■ Requirement
When you reproduce the listing, keep every word as it is and drop the pictures.

*** Material to process ***

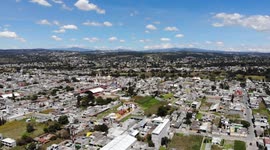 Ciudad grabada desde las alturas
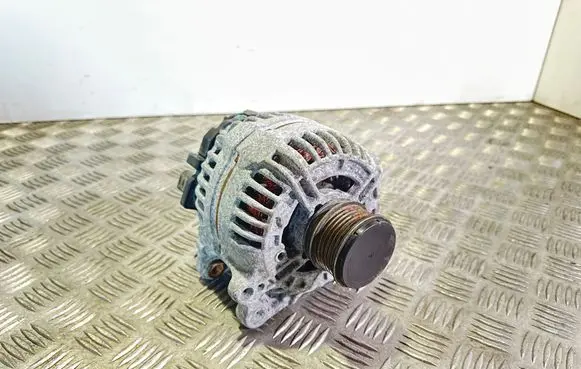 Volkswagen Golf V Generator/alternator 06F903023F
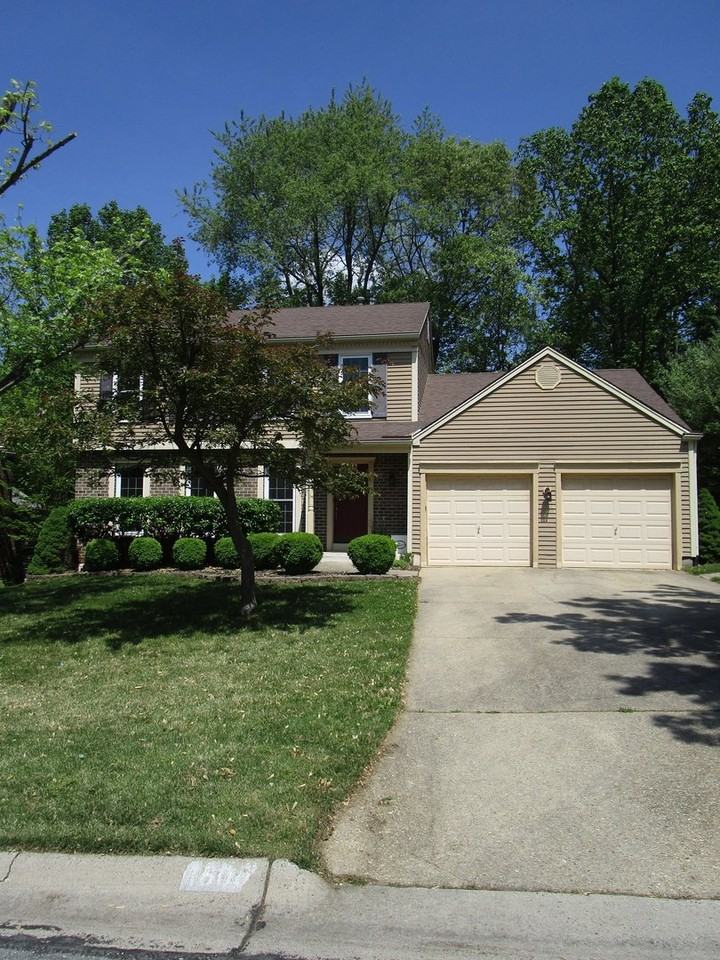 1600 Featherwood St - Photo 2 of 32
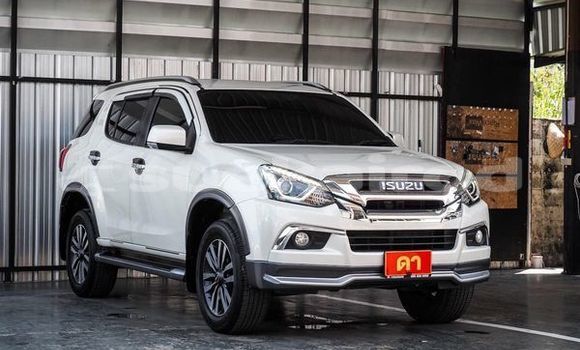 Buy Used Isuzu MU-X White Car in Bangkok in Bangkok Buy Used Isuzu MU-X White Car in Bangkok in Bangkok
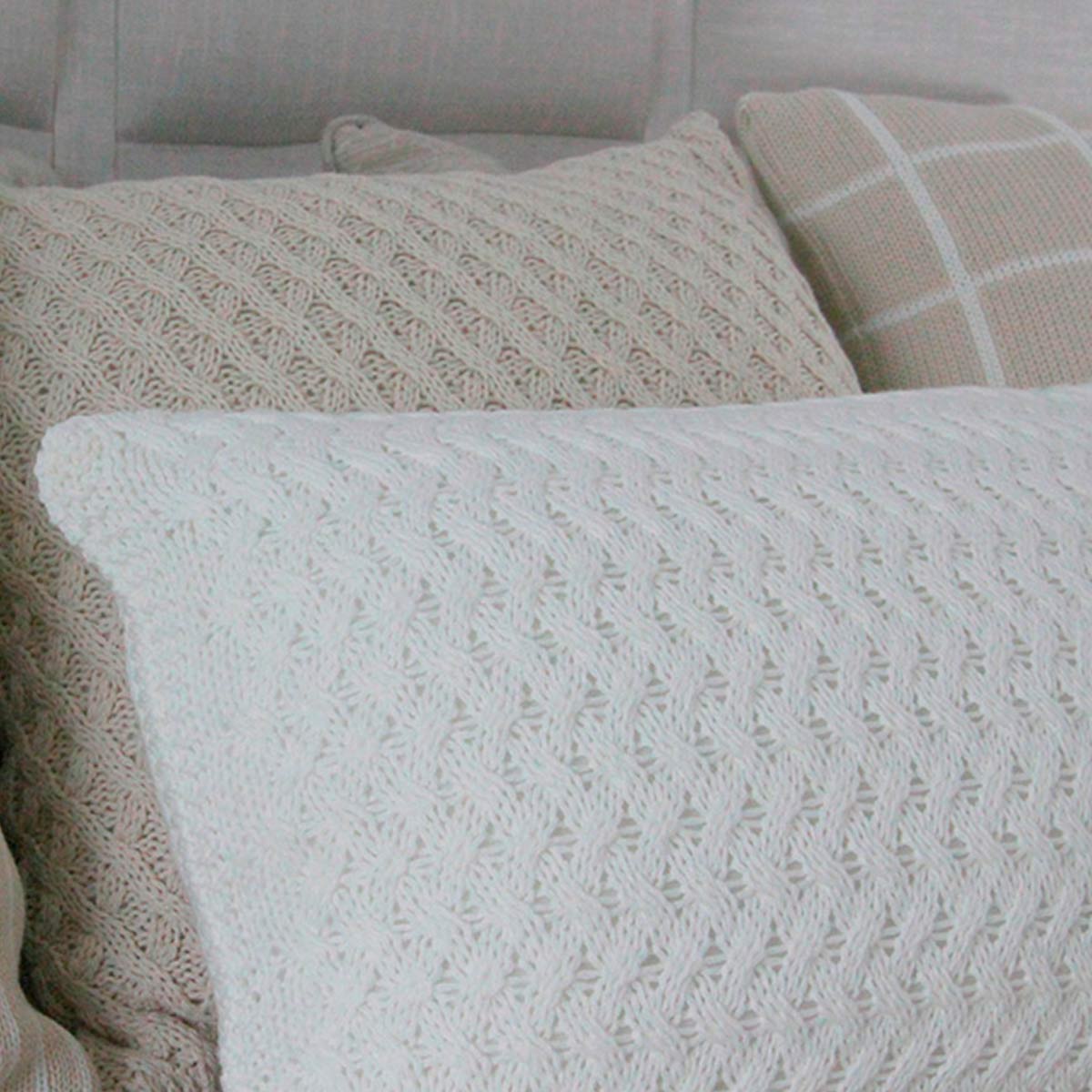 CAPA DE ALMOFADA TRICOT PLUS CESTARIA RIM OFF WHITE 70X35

*** End of Material to process ***

■ Exercise response
 Ciudad grabada desde las alturas
 Volkswagen Golf V Generator/alternator 06F903023F
 1600 Featherwood St - Photo 2 of 32
 Buy Used Isuzu MU-X White Car in Bangkok in Bangkok Buy Used Isuzu MU-X White Car in Bangkok in Bangkok
 CAPA DE ALMOFADA TRICOT PLUS CESTARIA RIM OFF WHITE 70X35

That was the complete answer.